### Exercise
The lines below that include the word "Beach" are to be reported.

### Excerpted data

#####

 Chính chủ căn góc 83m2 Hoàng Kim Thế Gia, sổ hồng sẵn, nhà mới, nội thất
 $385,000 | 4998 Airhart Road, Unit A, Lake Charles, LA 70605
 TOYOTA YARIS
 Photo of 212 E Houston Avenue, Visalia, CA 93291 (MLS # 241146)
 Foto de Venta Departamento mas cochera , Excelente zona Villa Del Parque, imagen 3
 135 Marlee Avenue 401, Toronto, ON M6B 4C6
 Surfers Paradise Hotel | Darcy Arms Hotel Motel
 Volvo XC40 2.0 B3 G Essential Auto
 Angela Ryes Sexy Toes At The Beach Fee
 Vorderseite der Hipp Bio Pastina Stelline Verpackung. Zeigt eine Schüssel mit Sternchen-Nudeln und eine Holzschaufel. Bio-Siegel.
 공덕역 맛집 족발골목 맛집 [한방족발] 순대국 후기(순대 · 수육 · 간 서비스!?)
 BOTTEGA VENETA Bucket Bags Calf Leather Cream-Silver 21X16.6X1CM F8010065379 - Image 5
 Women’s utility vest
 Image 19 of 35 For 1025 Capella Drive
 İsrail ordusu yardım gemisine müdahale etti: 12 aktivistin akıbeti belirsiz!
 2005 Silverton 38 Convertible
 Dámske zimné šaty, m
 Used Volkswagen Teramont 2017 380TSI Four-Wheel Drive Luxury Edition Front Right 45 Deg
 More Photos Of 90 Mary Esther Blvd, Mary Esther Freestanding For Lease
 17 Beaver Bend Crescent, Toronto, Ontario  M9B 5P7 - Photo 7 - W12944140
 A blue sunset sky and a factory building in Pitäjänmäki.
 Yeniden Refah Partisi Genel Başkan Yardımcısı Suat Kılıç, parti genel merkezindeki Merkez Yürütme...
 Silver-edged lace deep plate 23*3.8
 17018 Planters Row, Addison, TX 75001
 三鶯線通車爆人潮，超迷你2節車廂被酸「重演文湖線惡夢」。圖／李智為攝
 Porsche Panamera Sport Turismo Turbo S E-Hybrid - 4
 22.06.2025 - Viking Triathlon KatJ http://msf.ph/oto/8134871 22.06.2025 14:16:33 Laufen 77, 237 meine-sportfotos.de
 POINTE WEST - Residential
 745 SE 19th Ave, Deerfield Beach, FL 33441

#####

### Solved exercise
 Angela Ryes Sexy Toes At The Beach Fee
 745 SE 19th Ave, Deerfield Beach, FL 33441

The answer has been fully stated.